As weird Talmudic cases go, this is among the weirdest. It is entirely impossible, and not least because this would happen. Did the rabbis of the Talmud really believe that such a case could occur? To answer this, let’s consider come other rather implausible cases from across the Babylonian Talmud.

 The AMAZING Shechita Knife

We begin with a fanciful question that is somewhat analogous to falling intercourse case. What happens if a person throws a knife across the room, but in doing so the flying knife somehow manages to cut the neck of an animal in just the correct fashion to perform a kosher shechita (ritual slaughter). Is the meat of this slaughtered animal kosher?

חולין לא, א

דתני אושעיא זעירא דמן חבריא זרק סכין לנועצה בכותל והלכה ושחטה כדרכה ר' נתן מכשיר וחכמים פוסלים הוא תני לה והוא אמר לה הלכה כר' נתן

Oshaya, the youngest of the company of Sages, taught a baraita: If one threw a knife to embed it in the wall and in the course of its flight the knife went and slaughtered an animal in its proper manner, Rabbi Natan deems the slaughter valid and the Rabbis deem the slaughter not valid. Oshaya teaches the baraita and he says about it: The halakha is in accordance with the opinion of Rabbi Natan that there is no need for intent to perform a valid act of slaughter.

 The Fish That Pulled a Plough

The Bible (Deuteronomy 22:10) forbids a farmer to plough his land using an ox and a donkey together. While no reason for this law is given, we might suppose it has something to do with the concern that doing so might cause unnecessary pain to the smaller (or perhaps the larger?) animal. Regardless of the reason, later in our tractate the Talmud explains that this law applies to any kind of work and any two different species of animal. Then comes this fantastic question: “What is the law if someone pulls his wagon using a goat and a fish?” 

בבא קמא נה, א

בעי רחבה המנהיג בעיזא ושיבוטא מהו מי אמרינן כיון דעיזא לא נחית בים ושיבוטא לא סליק ליבשה לא כלום עביד או דלמא השתא מיהת קא מנהיג

The Sage Rachava raised a dilemma: With regard to one who drives a wagon on the seashore with a goat and a shibbuta, a certain species of fish, together, pulled by the goat on land and the fish at sea, what is the halakha? Has he violated the prohibition against performing labor with diverse kinds, in the same way that one does when plowing with an ox and a donkey together, or not?

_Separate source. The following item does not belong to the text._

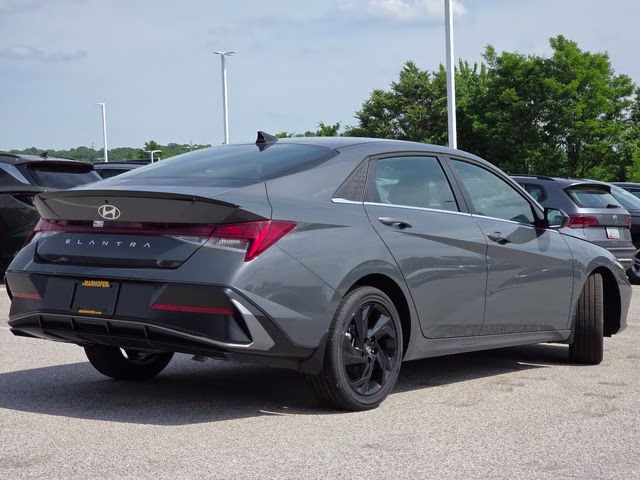 2026 Ecotronic Gray Hyundai Elantra SEL Sport FWD Sedan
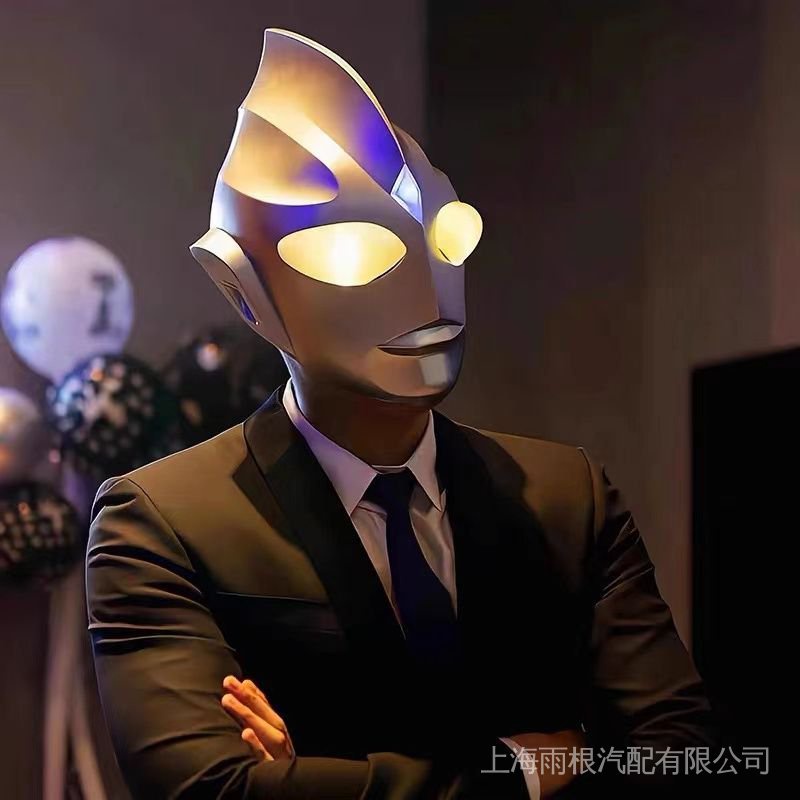 Mũ Bảo Hiểm Ultraman Tiga Dạ Quang Độc Đáo Cho Người Lớn Và Trẻ Em 6-12 Tuổi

This turned out to be such a hard question that the Talmud could not answer it. The Rosh concludes though that just to be sure, best not to hitch up your wagon to a fish, if you also intend for it to be pulled by a goat (ולא איפשיטא ואזלינן לחומרא). Don’t say you weren’t warned.

The Bird that built her nest on a person’s head

The Bible also demands that the mother bird must be shooed away before collecting the eggs upon which she is brooding. But what happens if a bird makes her nest in a person’s hair? Must this mother be driven away before her eggs are collected? (Chullin 139b)

חולין קלט, ב

אמרי ליה פפונאי לרב מתנה מצא קן בראשו של אדם מהו? אמר (שמואל ב טו, לב) ואדמה על ראשו

The residents of Pappunya said to Rav Mattana: If one found a nest on the head of a person, what is the halakha with regard to the mitzva of sending away the mother? Is the nest considered to be on the ground, such that one is obligated in the mitzva? Rav Mattana said to them that one is obligated in the mitzva in such a case because the verse states: “And earth upon his head” (II Samuel 15:32), rather than: Dirt upon his head, indicating that one’s head is considered like the ground. 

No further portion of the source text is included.